Inside that user object is a series of properties, or attributes, usually in the form of key–value pairs. The specific attributes, or claims, are dependent on the authentication service used.

Authentication services like Azure AD might restrict the amount of information permissible in a user object, to provide the service or application just enough information about you to prove who you are, and give you access to the service you’re requesting, without sharing too much about you or the originating authentication service.

Federation and single sign-on

Federation is a fancy word that means an independent collection of websites or services that can share information between them using claims. An authentication service allows you to sign in on one place (LinkedIn, GitHub, or Microsoft) and then use that identity for other services controlled by other entities.

This is what makes claims extremely useful. If you use a third-party authentication service, that third party will make certain information available in the form of claims (key–value pairs in your security token) that another service to which you’re connecting can access, without needing to sign in again, and without that service having access into the third-party service.

For example, suppose that you use LinkedIn to sign in to a blogging service so that you can leave a comment on a post. The blogging service does not have any access to your LinkedIn profile, but the claims it provides might include a URL to your profile image, a string containing your full name, and a second URL back to your profile.

This way, the blogging service does not know anything about your LinkedIn account, including your employment history, because that information is not in the claims necessary to leave a blog post comment.

Logging in to Azure SQL Database

Azure SQL Database uses three levels of security to allow access to a database. First is the firewall, which is a set of rules based on origin IP address or ranges and allows connections to only TCP port 1433.

The second level is authentication (proving who you are).
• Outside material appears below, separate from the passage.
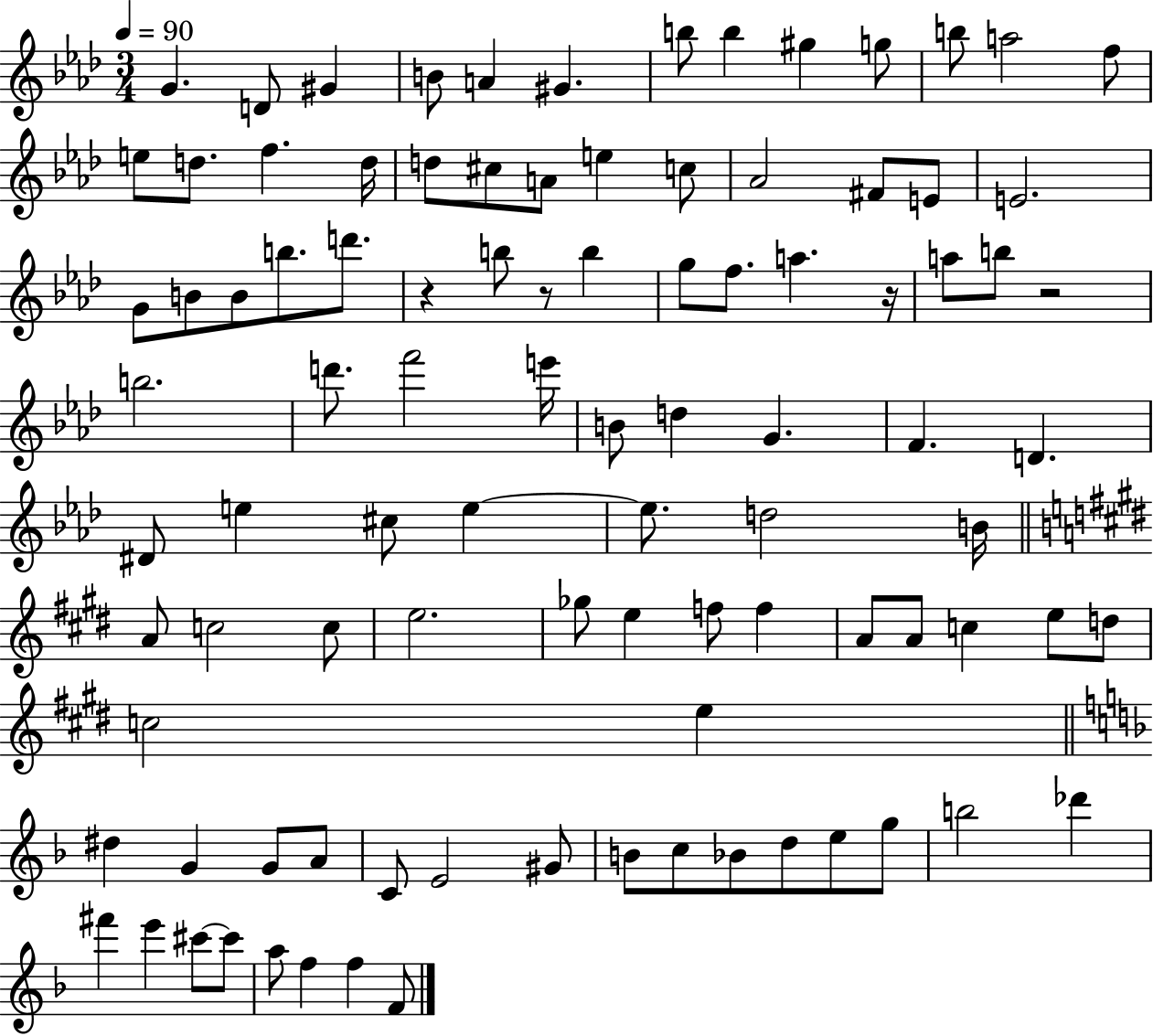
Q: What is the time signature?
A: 3/4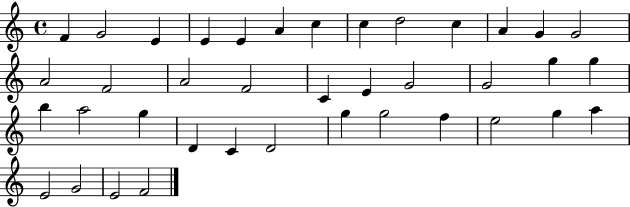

You can either connect by using SQL Authentication, with a user name and password (like connecting to a contained database on an on-premises SQL Server instance), or you can use Azure AD Authentication.

Microsoft recommends using Azure AD whenever possible, because it does the following (according to https://docs.microsoft.com/azure/sql-database/sql-database-aad-authentication):

  • Centralizes user identities and offers password rotation in a single place

  • Eliminates storing passwords by enabling integrated Windows authentication and other forms of authentication supported by Azure AD

  • Offers token (claims-based) authentication for applications connecting to Azure SQL Database

The third level is authorization (what you can do). This is managed inside the Azure SQL database, using role memberships and object-level permissions, and works exactly the same way as it would with an on-premises SQL Server instance.

  • Images You can read more about SQL Server security in Chapters 12 and 13.

Understanding virtualization and containers

Hardware abstraction has been around for many years, and, in fact, Windows NT was designed to be hardware independent. We can take this concept even further by abstracting through virtualization or containers.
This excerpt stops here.